Reading comprehension in autism spectrum disorders: the role of oral language and social functioning.
Reading comprehension in teens with autism needs word skill, language skill, AND social skill—ignore one and the book closes.
01Research in Context
What this study did
Ricketts et al. (2013) looked at why teens with autism struggle with reading. They tested 100 high-schoolers with ASD. Each teen took word-reading, oral-language, and social-cognition tests. The team ran stats to see which skills predicted who understood the stories best.
What they found
All three pieces mattered. Word recognition, oral language, and social cognition each added unique points to reading scores. If any piece was weak, comprehension dropped. Social skills were not a side note—they were a core part of reading.

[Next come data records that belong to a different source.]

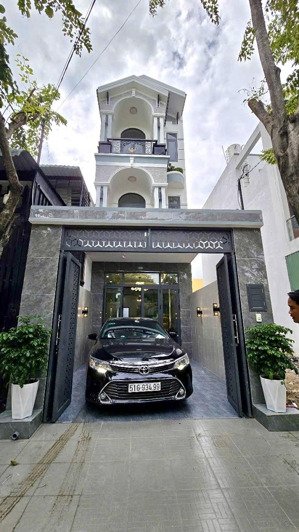 cc bán nhà phố tân cổ điển hẻm 230 đường lò lu mở rộng 30m, p.trường thạnh ,q9 dt: 66.7m2 sàn 140m2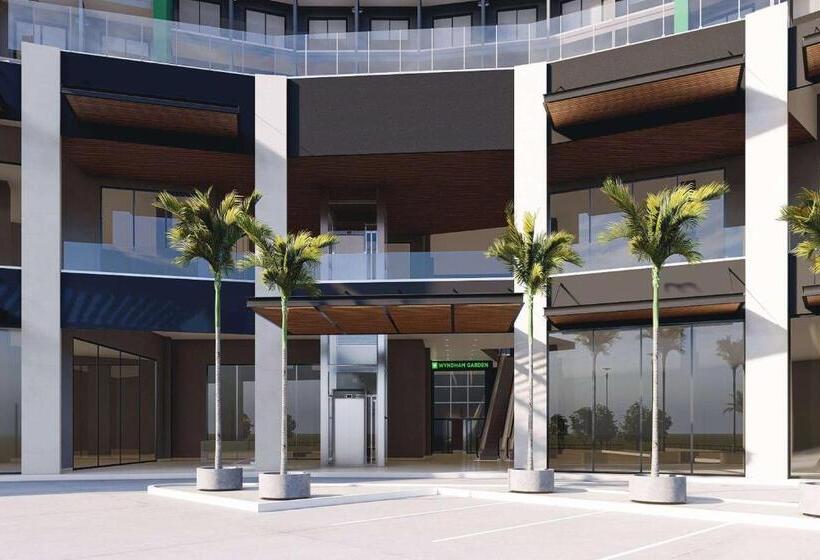 ホテル Wyndham Garden Mazatlan Marina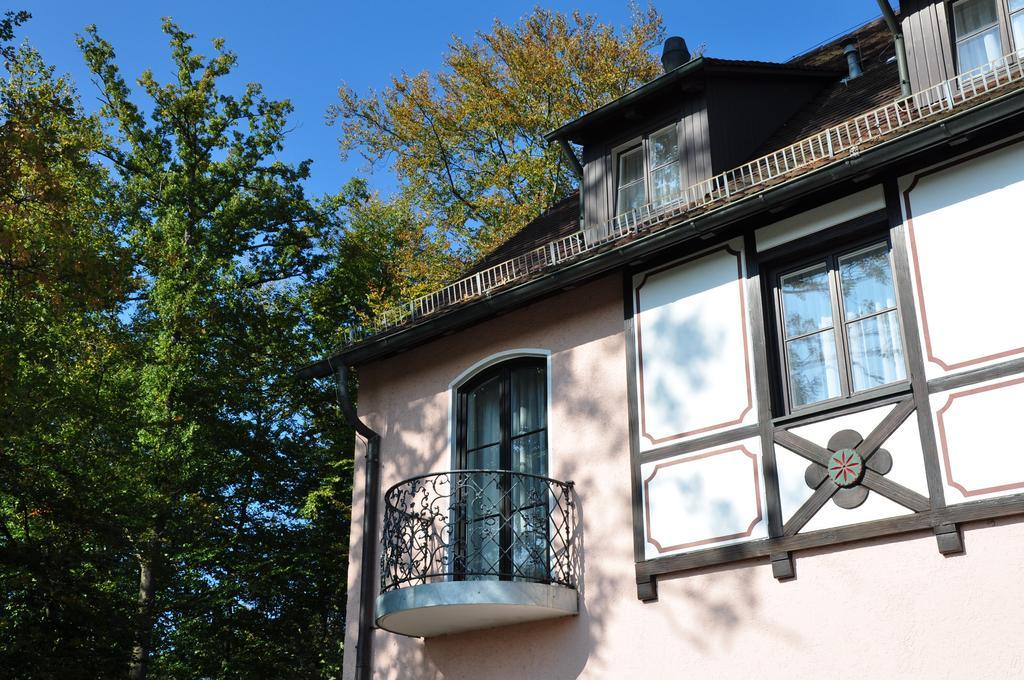 Relexa Waldhotel Schatten Stuttgart Dış mekan fotoğraf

How this fits with other research
Giallo et al. (2014) repeated the idea with younger kids and got the same pattern: vocabulary, not just decoding, drives passage understanding.
Wang et al. (2026) took the finding and built an intervention. They taught social inferences with think-alouds and graphic organizers. Four autistic students jumped 40-56% on social-inference questions in only ten weeks.
Solis et al. (2025) looked inside real classrooms. They saw teachers spending under 5% of time on word study even though half the students scored low on word recognition—exactly the skill Jessie showed still matters in adolescence.
Micai et al. (2021) added a twist. Their teens with ASD did not shift reading strategies when the goal changed (study vs. fun). This suggests executive control works together with social cognition, not instead of it.
Why it matters
When you write a reading goal, check three boxes: Can the student decode? Do they understand the words? Can they read social cues? If any box is empty, teach it. Add quick social-inference drills or visual story maps. Track each piece separately and you will see comprehension rise.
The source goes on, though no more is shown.